Collaborate with the appropriate business unit leader to support corrective action plans to address systemic issues or pervasive practices that could give rise to potential violations of applicable laws, regulations, or AMM’s Code of Conduct and/or policies and procedures.
Other duties as assigned.
Education & Experience
Five to ten years of relevant professional experience in healthcare, including coding and/or auditing roles.
Experience auditing healthcare claims in a professional services firm and/or in‑house at a large healthcare provider organization, health system, and/or payer.
An undergraduate degree; preference for Health Business or related field.
Alternatively, a high‑school diploma/GED plus five additional years of relevant experience.
Required coding certification; preferred Certified Professional Coder (CPC) or Certified Risk Adjustment Coder (CRC) from the American Academy of Professional Coders (AAPC).
Required top‑tier healthcare audit certification; preferred Certified Professional Medical Auditor (CPMA) from the AAPC, along with a fundamental understanding of regulatory framework and coding practices.
Fundamental understanding of government healthcare programs (i.e., Medicare and Medicaid).
Demonstrated ability to work effectively with key internal and external stakeholders.
Professional Skills
Ability to cultivate working relationships with government agencies.
Ability to operate successfully in a flat culture, with courage and competence to engage on multiple fronts.
Ability to prioritize effectively and exercise sound judgment in a fast‑paced, physician‑driven environment.
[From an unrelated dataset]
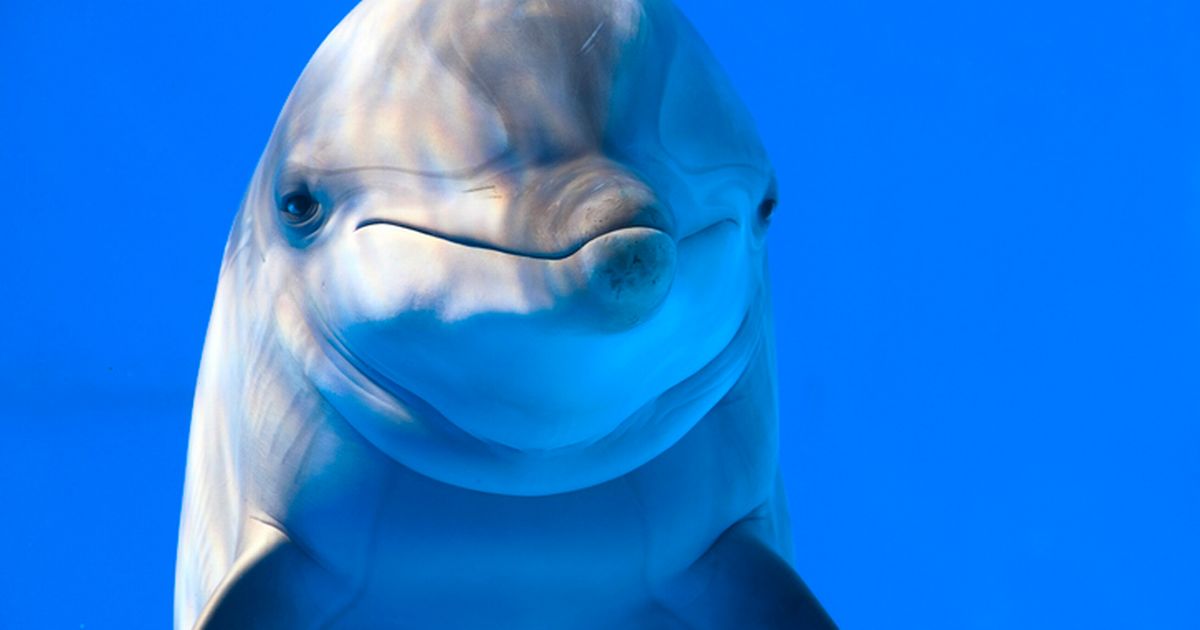 Teenage dolphins ‘get high on puffer fish poison for fun’ according to BBC doc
Ability to accurately apply professional standards and government agency expectations for conducting healthcare auditing, testing, and monitoring activities.
Personal Characteristics
Exemplary integrity with courage and an unwavering ethical compass.
Pragmatic, risk‑aware professional judgment.
Demonstrated tact, trustworthiness, and diplomacy skills needed to manage sensitive and confidential information.
An adept listener with humility.
Capable of earning the respect and confidence of colleagues through professional excellence and expertise.
Prompt and efficient ability to manage shifting priorities, demands, and timelines.
Ability to effectively prioritize and execute tasks in a fast‑paced, dynamic environment.
Benefits
Full employer‑paid HMO with option for a flexible PPO plan.
Discounted vision and dental premiums to support health and well‑being.
Flexible Spending Accounts (FSAs) to manage healthcare and dependent care costs, plus a 401(k) for future security.
Generous PTO, 40 hours of sick pay, and 13 paid holidays for work‑life balance.
Tuition reimbursement to support education and growth.
Paid company outings and lunches for team bonding.